Nowhere directly addressed are the Whitney’s own identity issues, embedded in its very name. This isn’t a museum of American art. It’s a museum of North American art. The curators are well aware of this, and sometimes use the phrase “art of the United States.” But the exclusion remains: Latin American art, art of the Americas, is all but absent here, with the Cuban-born painter Carmen Herrera, 99, being among the outstanding exceptions. (She will have a solo show in 2016.)
And how can it be that in a show of more than 400 American artists, there’s only one Native American — Jimmie Durham (maybe two if you count Ms. Prophet)? As part of its institutional narrative, the inaugural exhibition evokes two identity-themed Whitney shows from the past, the 1993 Biennial and the 1994 “Black Male: Representations of Masculinity in Contemporary Art.” But no mention is made of one that fully carried the institution out of parochialism, Lawrence Rinder’s “The American Effect: Global Perspectives in the United States, 1990-2003,” which had work by artists in China, Colombia, Croatia, Cuba, Egypt, Japan and Senegal. It had faults — what out-on-a-limb project doesn’t? — but if I were looking for a model to project toward the future, this would be one. So there’s work ahead.
In a real sense, the new building is the least of the Whitney’s concerns. For better or possibly worse — there have already been protests over its proximity to a pipeline carrying fracked fuel — it’s a done deal. If it lets art put its best foot forward and gives it an effective stage for shaping culture, it’s been done well. Besides, most museums tend to turn into “classics” within a generation or two. And always, it’s the institutional thinking, inherently political, that matters — determining first what and who goes into the collection, then what goes into the public spaces and lastly what new, alternative eyes will be coming on board to oversee these things. With the move, the new Whitney makes a promising start. It shakes art and itself up, bracingly, at least a little. Once the opening parties are over, I want it to do much more, to become the living museum of history-in-nowness this city has been waiting for.

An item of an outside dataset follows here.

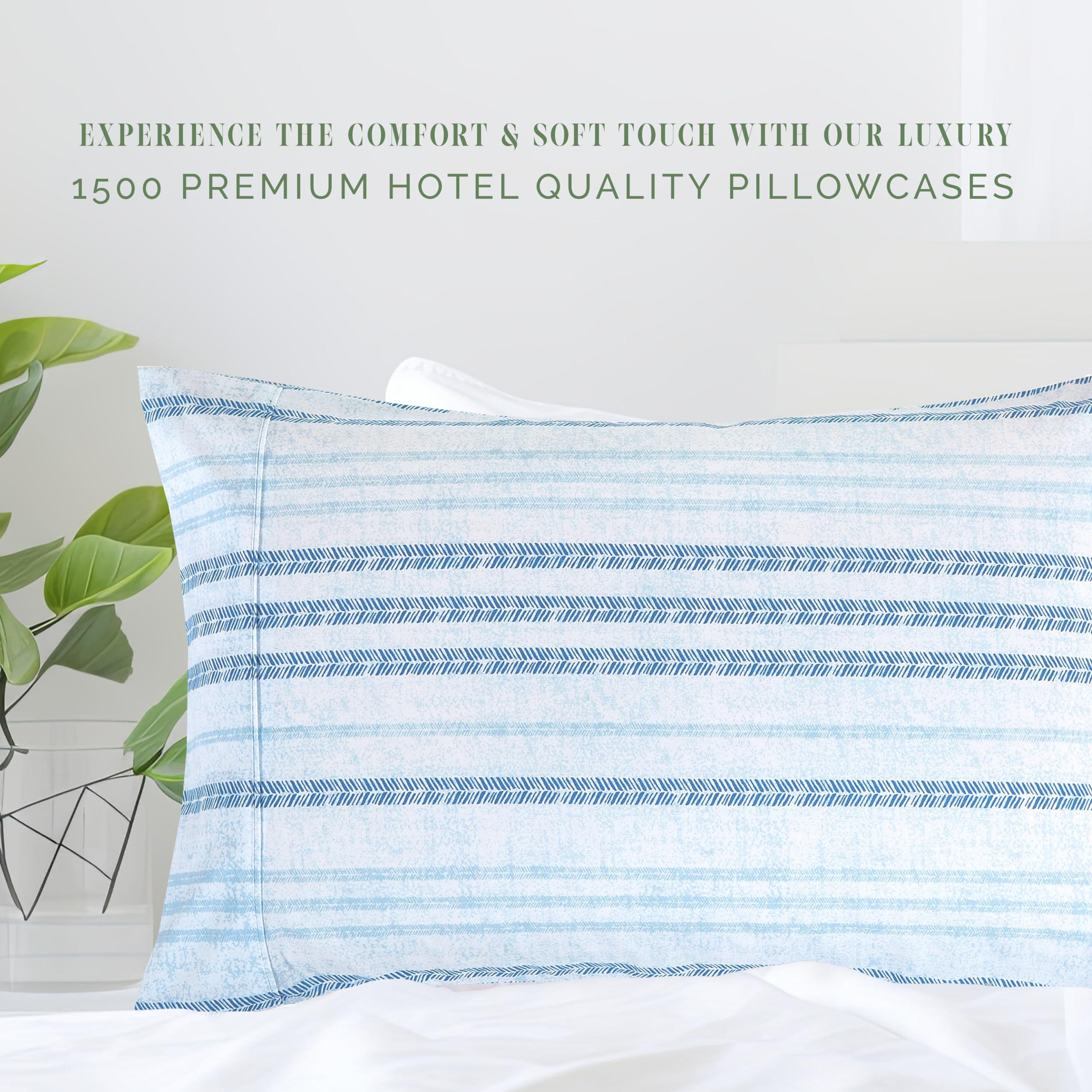 Elegant Comfort Ultra Soft Set Of 2 Striped Print Pillowcases - 1500 Premium Hotel Quality Microfiber, Soft And Smooth Envelope Closure 2-Piece Pillow Covers - King, Traci Aqua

Meanwhile, it gives us some of the most luminous indoor-outdoor art spaces in town in which to think about all of this.
Correction: April 25, 2015
An art review on Friday about the new Whitney Museum of American Art, which opens to the public on May 1, misidentified the Manhattan neighborhood in which the museum is situated. It is in the meatpacking district, not Chelsea. The error was repeated in an accompanying picture caption.